NOW, THEREFORE, in consideration of the mutual promises, covenants and
agreements herein contained, the receipt and legal sufficiency of which are
hereby acknowledged, the parties hereto agree as follows:
1. EMPLOYMENT The Company has agreed to hire Employee and the
Employee has agreed to be employed by the Company upon the terms and
conditions hereinafter set forth.
2. TERM. Subject to the provisions for termination as hereinafter
provided, the term of Employee's employment with the Company shall commence
on September 1, 1998 and shall expire on September 7, 1999, except that the
provisions of Paragraphs 8 and 9 of this Agreement shall survive the
termination of this Agreement for the periods set forth therein.
3. COMPENSATION. Subject to adjustment pursuant to Paragraph 5
hereof, the Company shall compensate the Employee as follows (which
compensation shall be in addition to any additional compensation otherwise
available to Employee pursuant to Paragraph 4 hereof):
(a) Base salary of One Hundred Fifty Thousand Dollars ($150,000)
per annum during the term of this Agreement.
(b) Guaranteed bonus of Seventy-five Thousand Dollars ($75,000)
per annum payable in equal monthly installments of $6,250 during the term
of this Agreement.
(c) Options to acquire 150,000 shares of common stock, $.01 par
value per share, of the Company (the "Common Stock"), which shall be
granted within three business days of September 1, 1998, shall have an
exercise price equal to the fair market value of such stock on the date of
grant, and shall be granted under the Stock Incentive Plan of the Company
and pursuant to that certain option agreement attached hereto as Exhibit
"A."
4. OTHER BENEFITS. Employee shall be entitled to participate in all
employee benefit plans or arrangements that the Company makes generally
available now or in the future to its executive officers, such as vacation,
sick leave, life insurance, health insurance, long-term disability
insurance, retirement and incentive bonus plans.

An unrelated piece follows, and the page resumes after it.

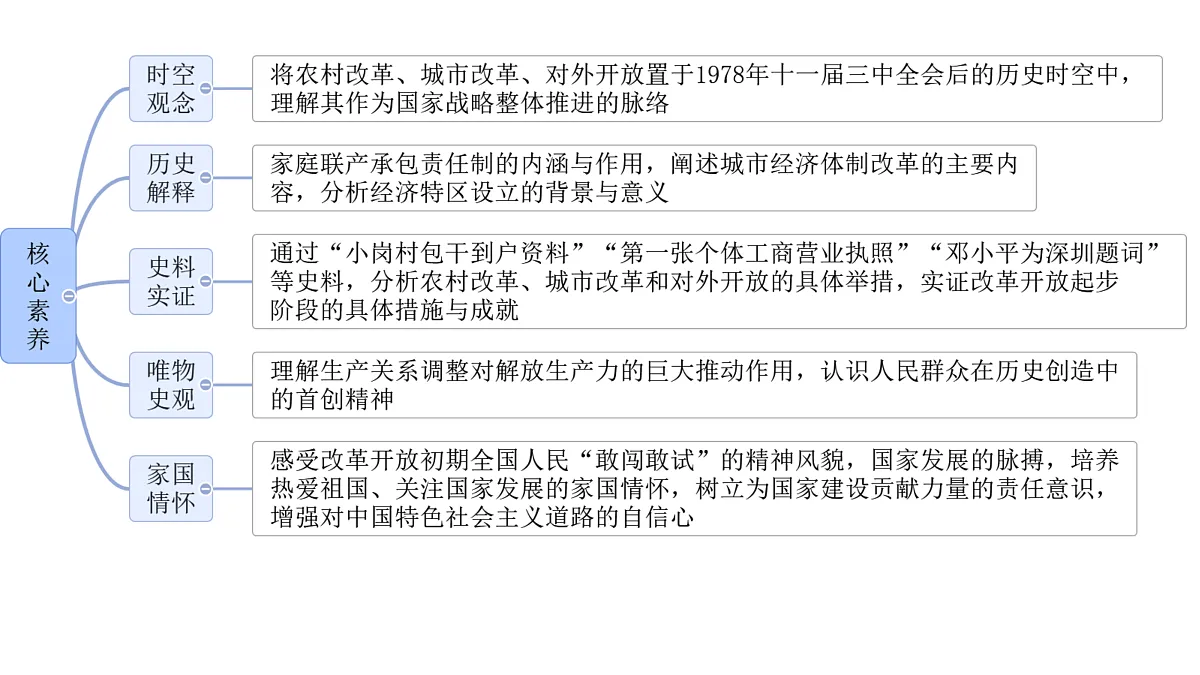 18179775第2页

Any payments or benefits
payable to Employee hereunder in respect of any calendar year during which
Employee is employed by the Company for less than the entire year shall,
unless otherwise provided in the applicable Benefit Plan, be prorated in
accordance with the number of days in such calendar year during which he is
so employed. To the extent consistent with each such Benefit Plan,
Employee's base salary shall be considered the base salary and guaranteed
bonus set forth in Sections 3(a) and (b) of this Agreement for purposes of
the Benefit Plans.
Employee shall be reimbursed all usual and customary out-of-pocket,
third party expenses of relocation to the Carencro-Lafayette, Louisiana
area in an amount up to $25,000 and shall be reimbursed for living expenses
in the Carencro-Lafayette area, including the costs of an apartment,
utilities and phone service; all upon presentation of documentation
sufficient for federal income tax purposes.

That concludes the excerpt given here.